Deepfake-enabled fraud has cost victims worldwide $2.19 billion in total losses, with a striking $1.65 billion of that figure recorded in 2025 alone - a concentration that signals not just growth but acceleration. The figures, drawn from an analysis by cybersecurity firm Surfshark, reveal that AI-generated deception has moved well beyond a niche threat and into one of the most financially damaging forms of fraud operating today. The human and institutional toll is spreading across borders, though the United States bears the heaviest burden.
Investment Scams Built on Borrowed Faces
The single most destructive application of deepfake technology is not hacking or data theft - it is persuasion. Scammers have found that fabricating a video of a trusted public figure endorsing an investment opportunity is, at scale, extraordinarily effective. This method alone has generated $1.13 billion in losses, representing 52 percent of all reported deepfake fraud. The faces used are typically those of government officials or celebrities - figures whose perceived authority or wealth lends credibility to fake financial schemes.
The mechanism is straightforward and difficult to counter. A realistic AI-generated video of a recognizable figure - a finance minister, a billionaire entrepreneur, a well-known broadcaster - is circulated on social media or through targeted messaging platforms. Victims, believing they are acting on a credible endorsement, transfer money into fraudulent accounts. The scam dissolves. Recovery is rare.
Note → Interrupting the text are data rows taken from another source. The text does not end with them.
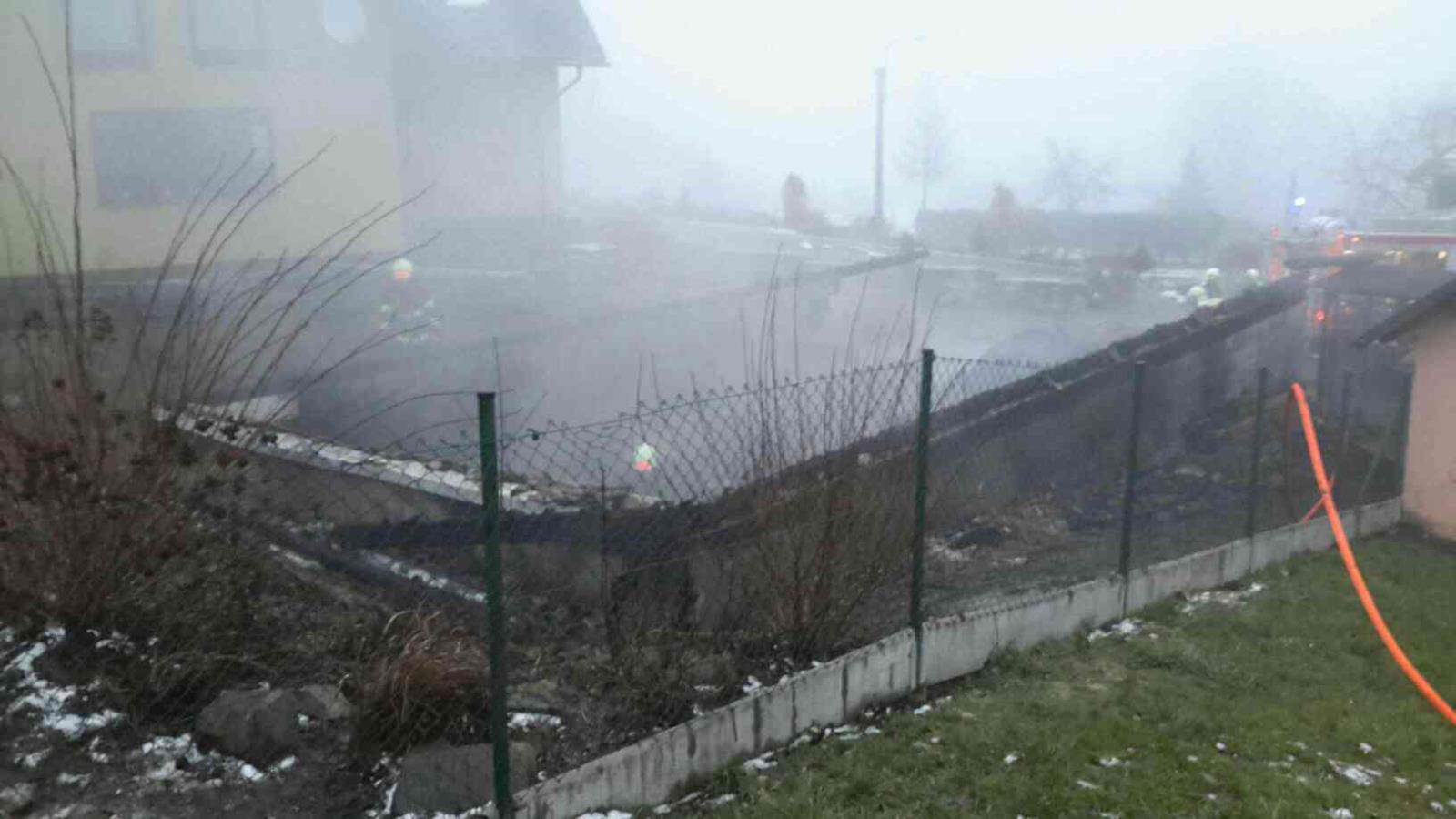 pozˇa´r prˇi´strˇesˇku z vozidly Kosov.jpg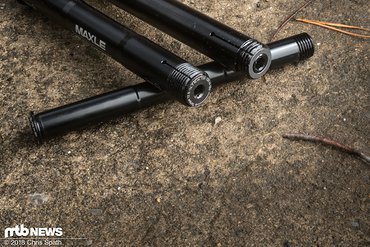 Wie auch am Vorgänger wird die neue Maxle Stealth durch einen Konus gesichert Wie auch am Vorgänger wird die neue Maxle Stealth durch einen Konus gesichert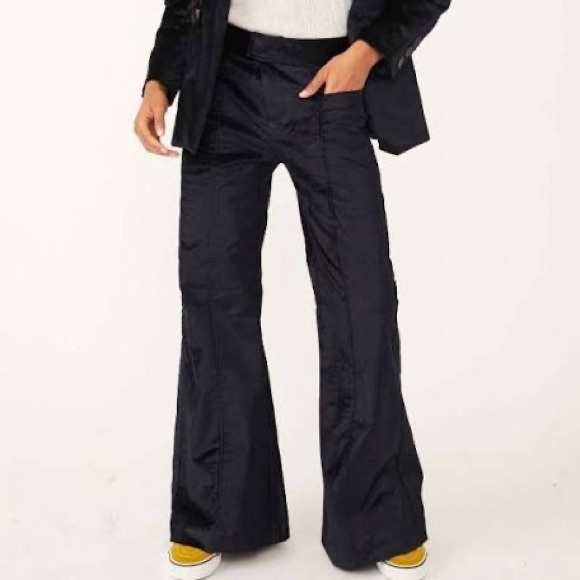NWT Free People Walk With You Velvet Trousers in Black, Sz. 6 - Picture 7 of 14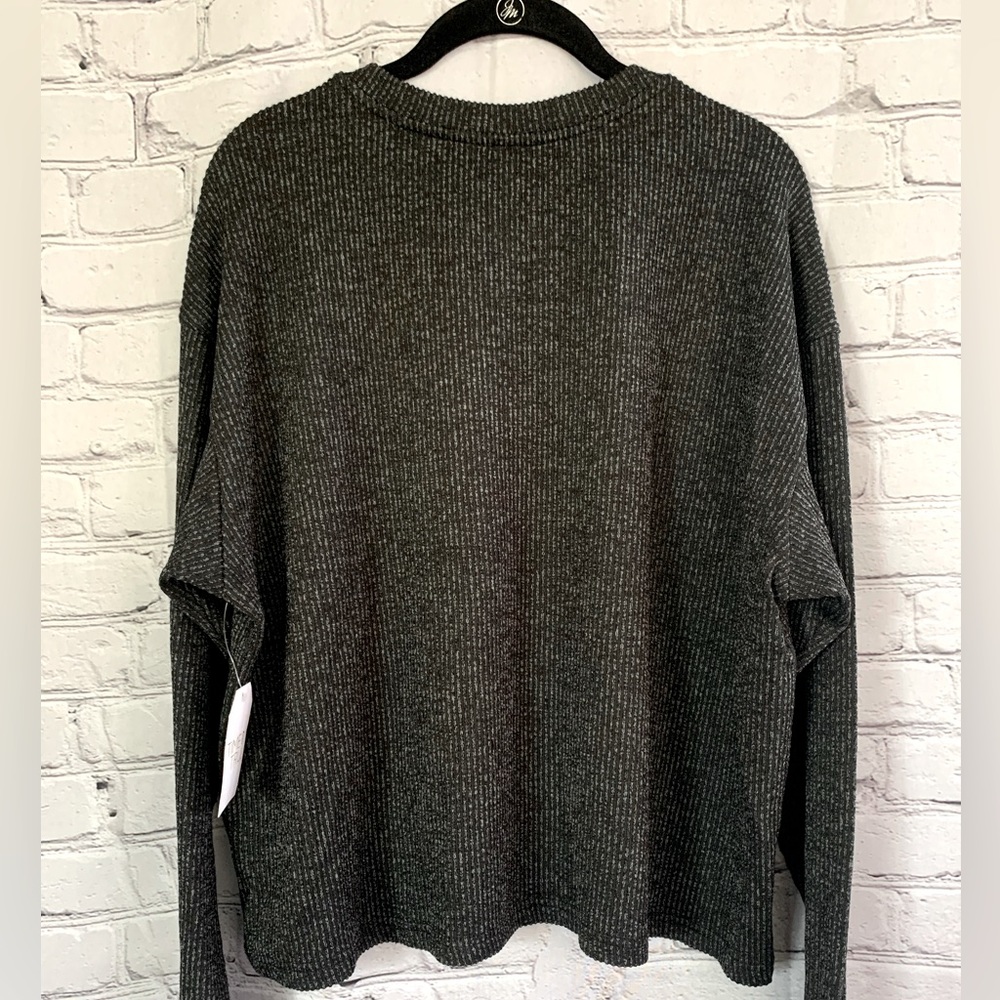 Time & Tru Heather Gray Rib Knit Cropped Relaxed Fit Sweater V Neck XL NWT - Picture 8 of 8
The damage is compounded by the fact that the real person whose likeness was stolen has no advance knowledge of the fraud and limited legal recourse once it circulates internationally.
Corporate Vulnerability and the Rise of Executive Impersonation
The second-largest category of deepfake fraud - accounting for 25 percent of global losses - targets organizations rather than individuals. These corporate attacks typically involve the impersonation of senior executives, most often a CEO or CFO, instructing finance staff to authorize large wire transfers. The tactic, sometimes called a "virtual kidnapping" of corporate identity, exploits the deference employees extend to figures at the top of an organization's hierarchy.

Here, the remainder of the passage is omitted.